Vers la fin de la première décennie du XVIIe siècle, une poignée d’artistes d’Utrecht, aux Pays-Bas, arrivèrent à Rome, appelés par des
commanditaires ; ils furent vivement impressionnés par le caravagisme. Parmi eux se trouvait Gerrit van Honthorst, qui restera dans l’histoire sous le surnom italien de Gherardo delle Notti. Surnom qui n’a pas besoin d’explication : L’Adoration des bergers, aujourd’hui conservé au musée des Offices à Florence, est très emblématique d’un style qui joue sur les effets spéciaux des scènes de nuit. Cette toile de grandes dimensions a une histoire. Elle fut réalisée en 1620 à Florence, sur commande du noble Piero Guicciardini, pour la chapelle majeure de Santa Felicita (où est conservée la célèbre Déposition de Pontormo). En 1836, le directeur du musée des Offices, prétextant l’obscurité de l’endroit où était exposée la toile, convainquit les héritiers de Guicciardini de la céder aux Offices pour qu’elle jouisse d’une meilleure exposition. En 1993, alors qu’elle était présentée sur le palier d’un escalier qui donne sur la rue des Georgofili, elle fut touchée de plein fouet par l’onde de choc de la bombe déposée lors de l’attentat du 27 mai.

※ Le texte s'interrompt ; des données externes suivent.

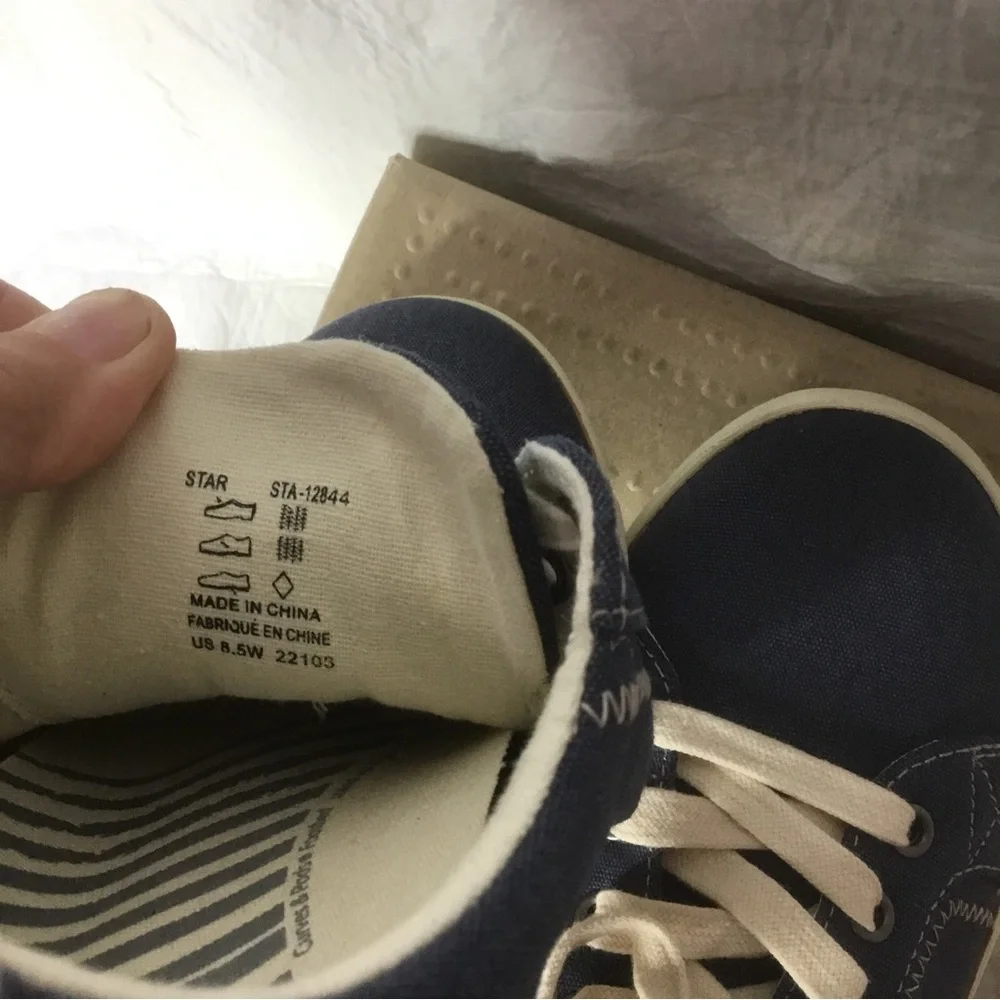 Taos Footwear taos star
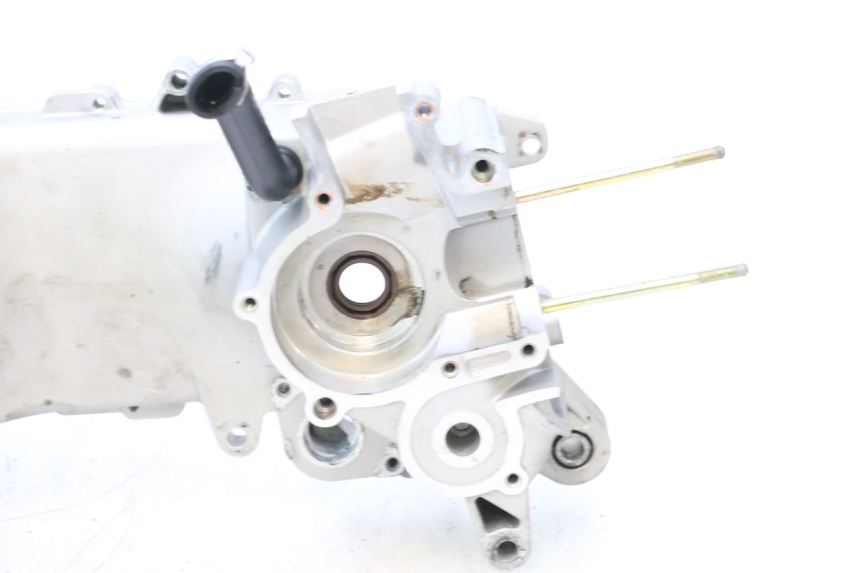 photo de CARTER IZQUIERDO PIAGGIO ZIP 2T 50 (2009 - 2019) - Vista general del producto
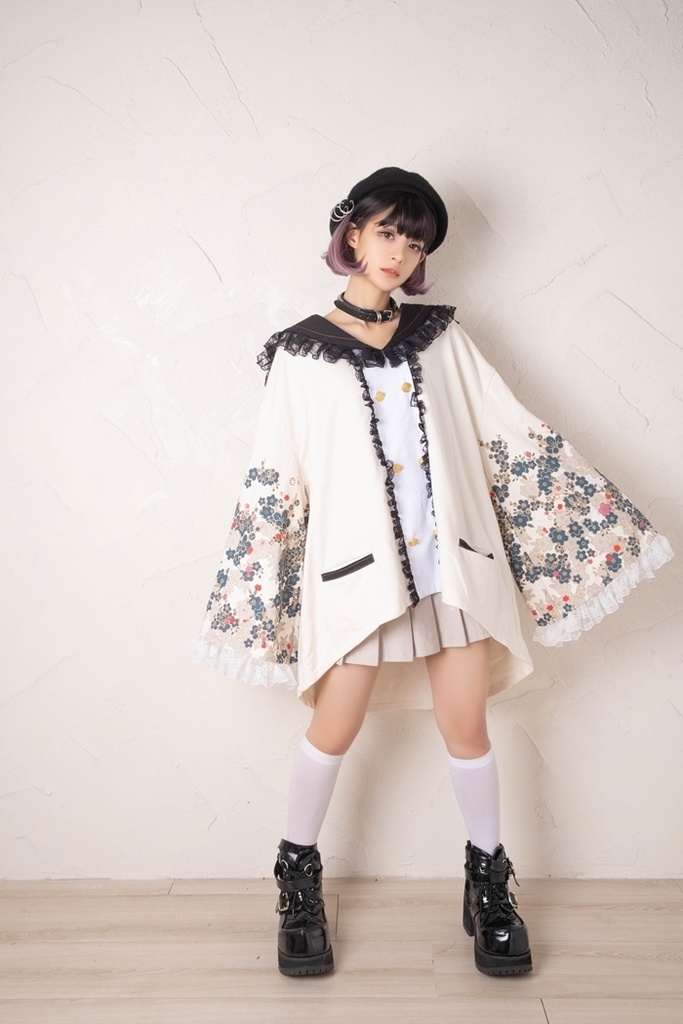 Jillpunk和風achooshiコラボ 時間恐怖症chronophobiaさくら 桜木花柄プリント ダブルブレスト着物袖 キモノスリーブ セーラーカラー フェイクボタン レースヘム水兵 ゆったりブラウスカットソー オリジナル原宿おしゃれ姫系可愛い萌え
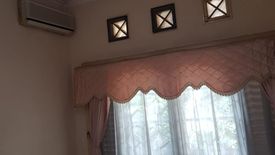Rumah dijual dengan 4 kamar tidur di Kenjeran, Jawa Timur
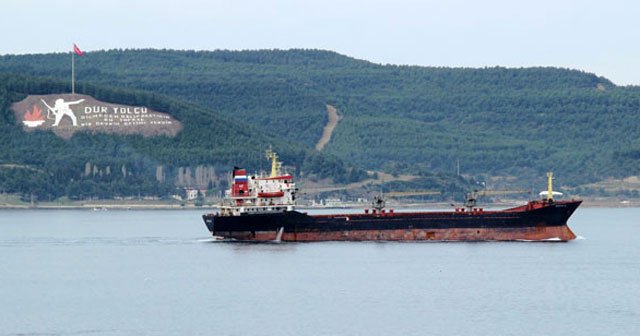 Rus askeri kargo gemisi Çanakkale Boğazı&#039;ndan geçti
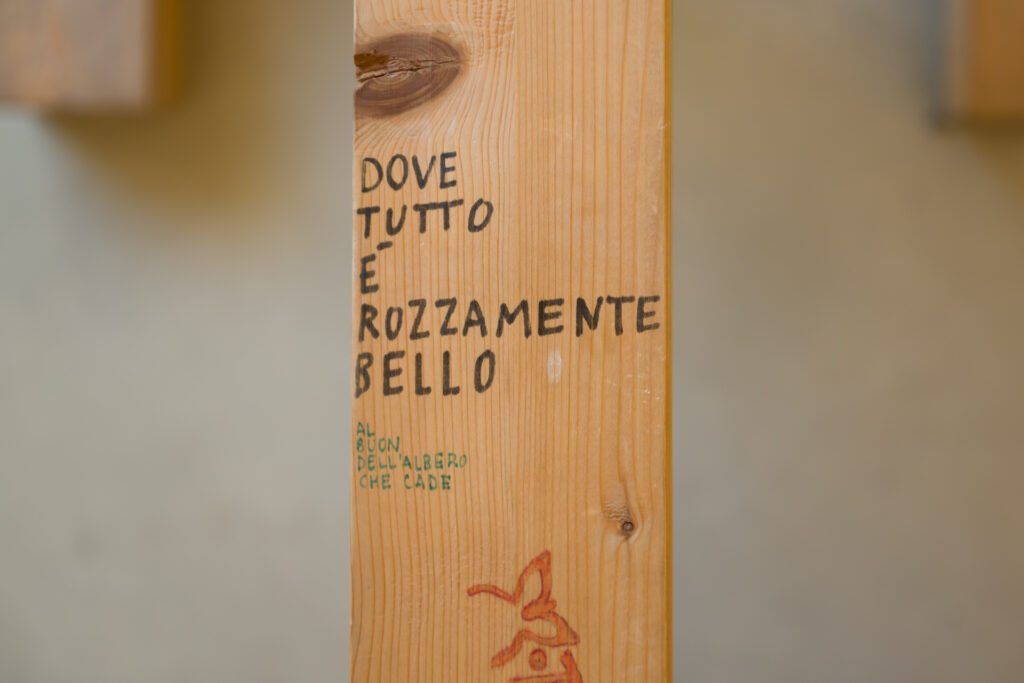 Eva Marisaldi, Mr. Miseria, 2002 – Courtesy l_artista, Ph. F. Tommasoli(3)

Aujourd’hui, ce qui reste de la toile, comme le dit le titre d’un livre dédié à sa restauration, n’est plus qu’un « fragment lyrique ». L’image concerne donc un tableau dont il existe aujourd’hui seulement une trace (même si une copie est conservée au Wallraf Museum de Cologne). On y reconnaît l’œuvre d’un caravagiste qui a opté pour une utilisation de la lumière, bien différente de celle du maître. Ici, la source lumineuse est l’Enfant lui-même, selon une solution très heureuse, introduite un siècle auparavant par Le Corrège. La beauté de la composition ainsi que la délicatesse des regards et des gestes (en particulier celui de Marie, qui soulève le drap pour montrer son Fils aux bergers) sont d’un très heureux effet, particulièrement prisé et largement diffusé. Roberto Longhi, grand historien d’art et véritable « inventeur » du Caravage, l’appréciait beaucoup. Il avait dans sa collection une version réduite et intime du même sujet.